— ACTIVITY —
Further down are entries; set down exactly and only the lines from the one with "Full mouth dental" up to and including the one with "Western Blot (WB)", dropping each picture.

DATA FOR THIS EXERCISE START

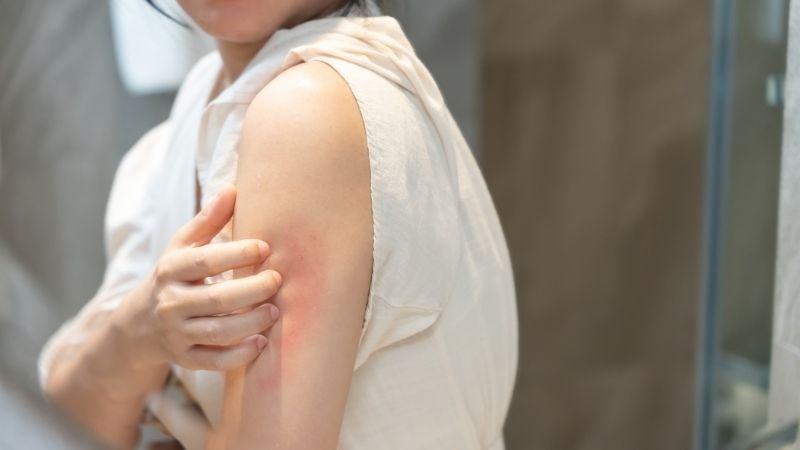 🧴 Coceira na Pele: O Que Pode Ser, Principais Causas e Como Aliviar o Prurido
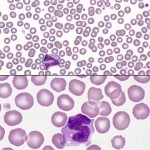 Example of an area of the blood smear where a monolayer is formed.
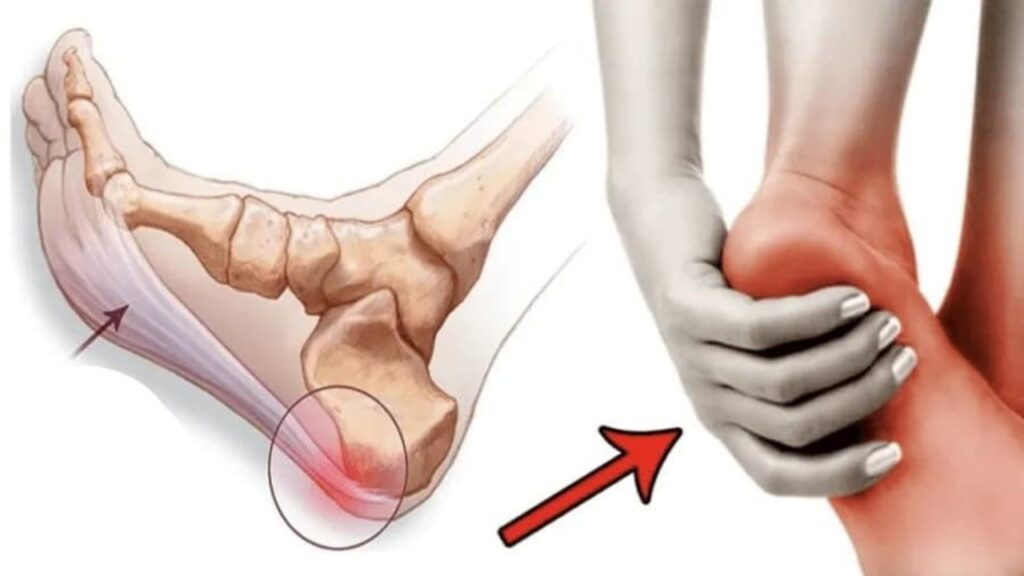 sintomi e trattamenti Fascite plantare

DATA FOR THIS EXERCISE END
DATA FOR THIS EXERCISE START

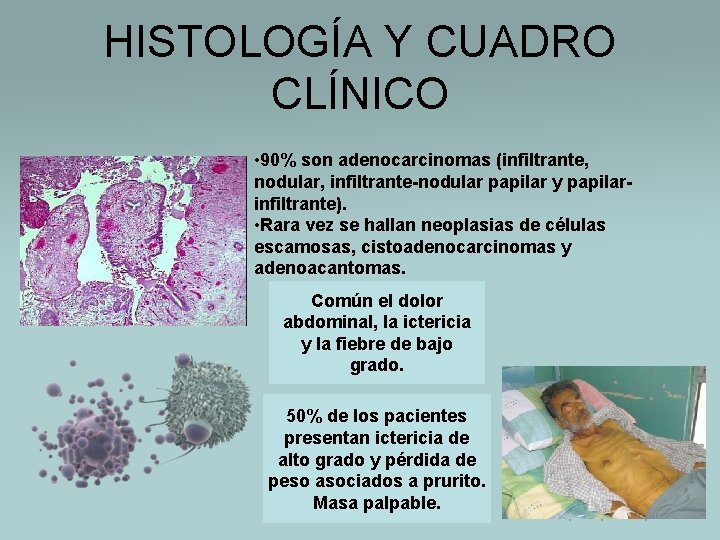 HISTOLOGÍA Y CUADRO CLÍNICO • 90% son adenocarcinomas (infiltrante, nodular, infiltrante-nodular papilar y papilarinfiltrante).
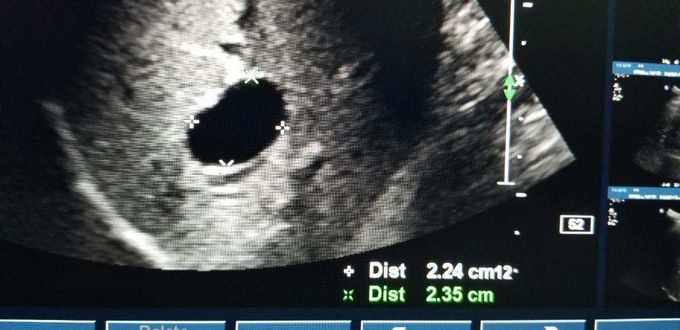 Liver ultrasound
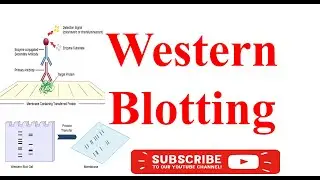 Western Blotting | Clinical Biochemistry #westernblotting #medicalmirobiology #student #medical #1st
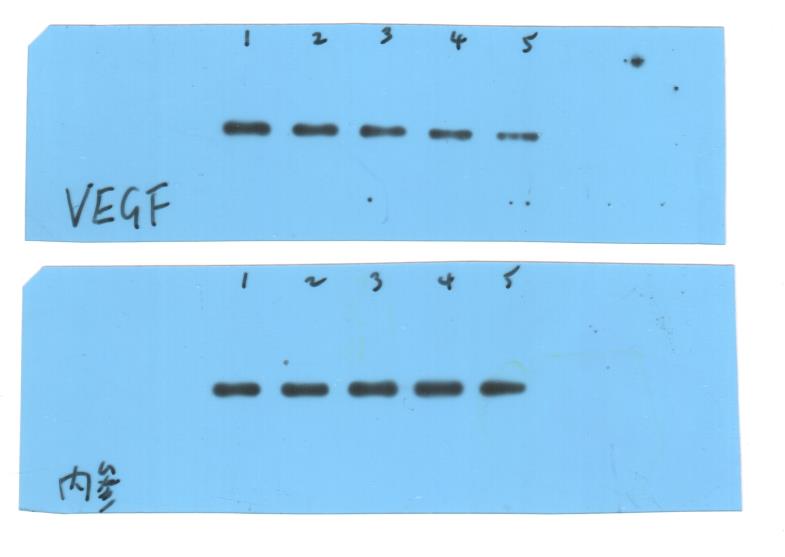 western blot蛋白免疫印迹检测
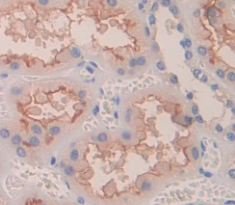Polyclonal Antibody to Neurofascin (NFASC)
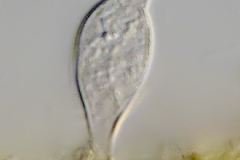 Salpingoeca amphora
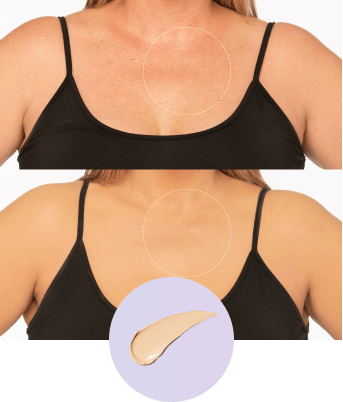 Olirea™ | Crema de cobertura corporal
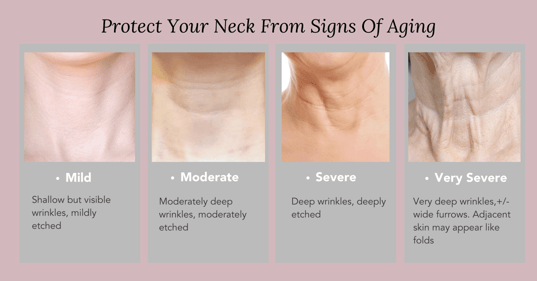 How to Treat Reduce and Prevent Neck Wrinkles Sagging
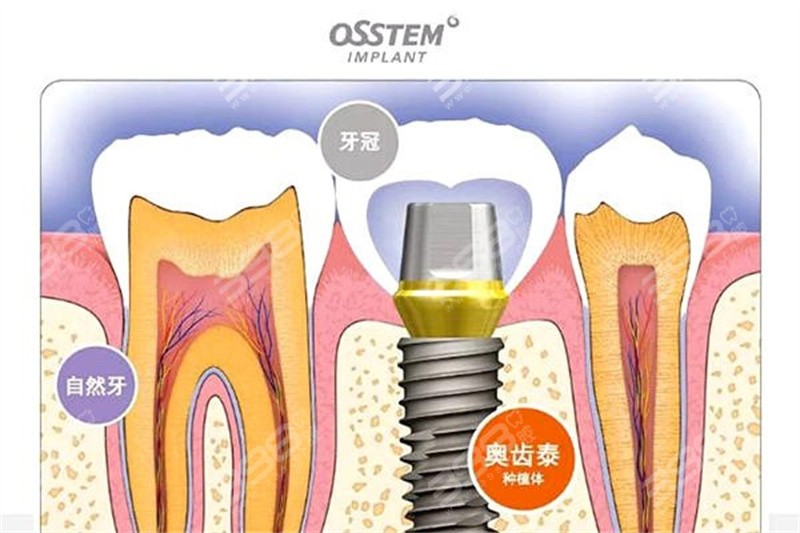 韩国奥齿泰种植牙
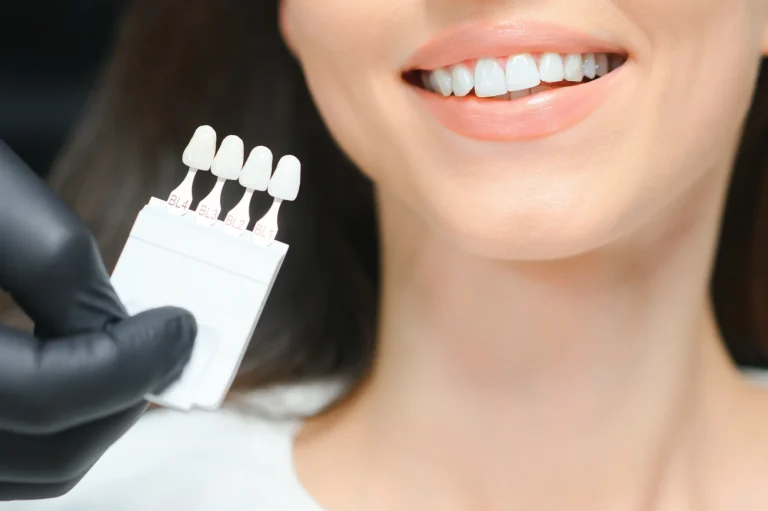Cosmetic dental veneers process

DATA FOR THIS EXERCISE END
DATA FOR THIS EXERCISE START

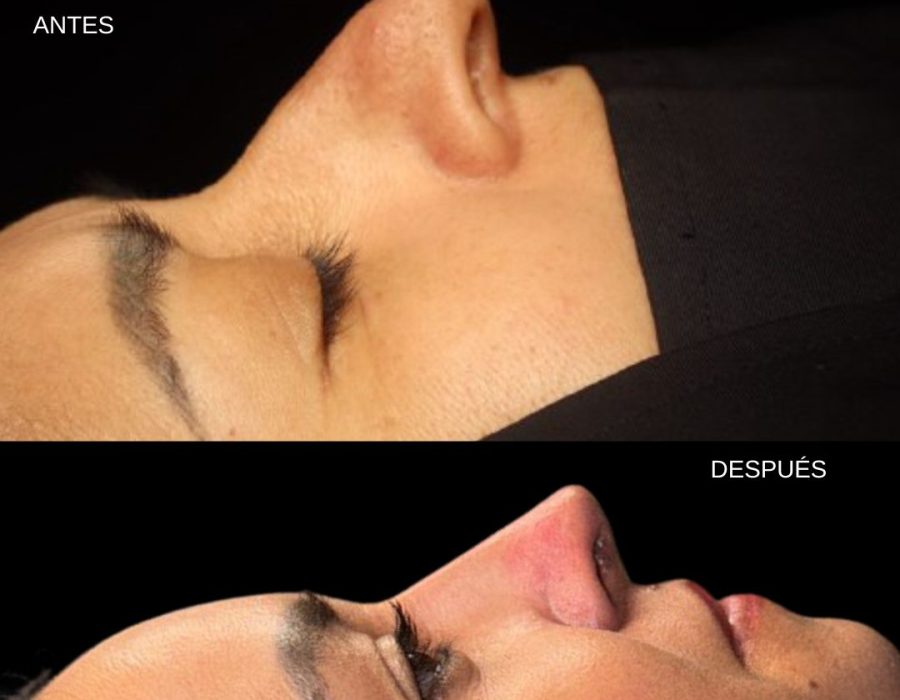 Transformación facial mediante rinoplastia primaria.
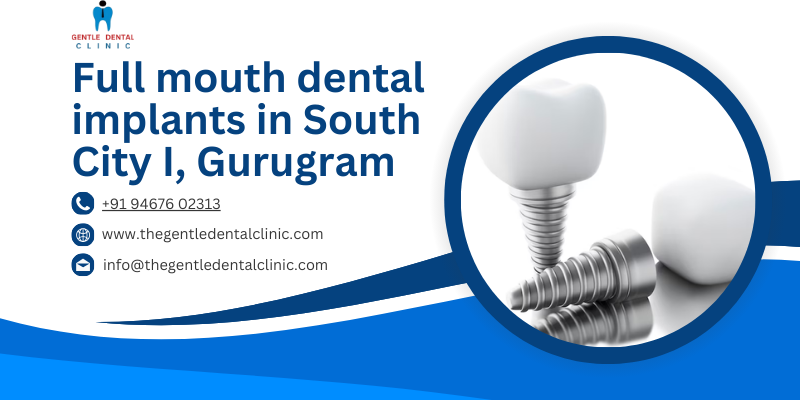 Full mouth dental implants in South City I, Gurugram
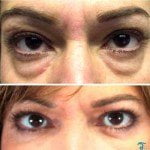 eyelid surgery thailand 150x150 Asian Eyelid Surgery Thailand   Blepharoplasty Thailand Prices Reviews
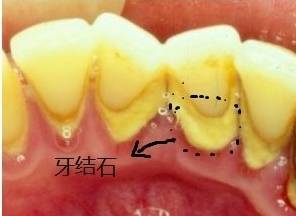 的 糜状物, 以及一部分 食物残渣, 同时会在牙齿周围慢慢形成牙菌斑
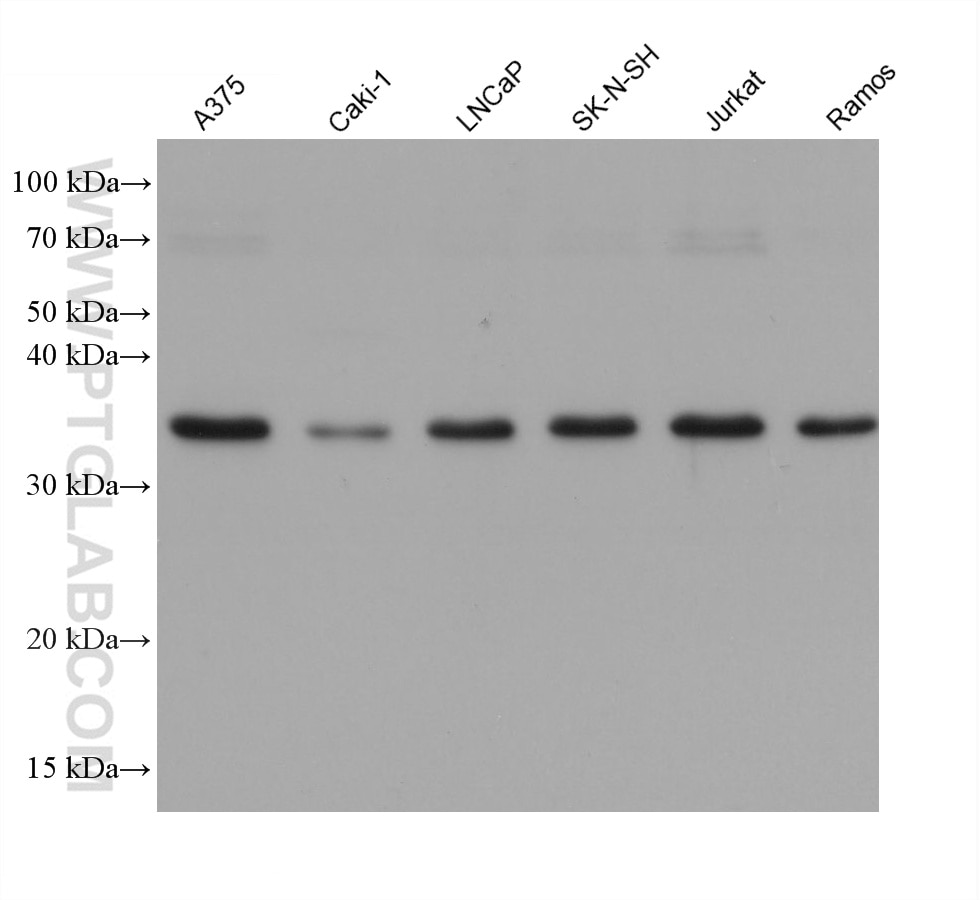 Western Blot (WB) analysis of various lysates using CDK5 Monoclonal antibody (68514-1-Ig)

DATA FOR THIS EXERCISE END

— PROBLEM SOLUTION —
 Full mouth dental implants in South City I, Gurugram
 eyelid surgery thailand 150x150 Asian Eyelid Surgery Thailand   Blepharoplasty Thailand Prices Reviews
 的 糜状物, 以及一部分 食物残渣, 同时会在牙齿周围慢慢形成牙菌斑
 Western Blot (WB) analysis of various lysates using CDK5 Monoclonal antibody (68514-1-Ig)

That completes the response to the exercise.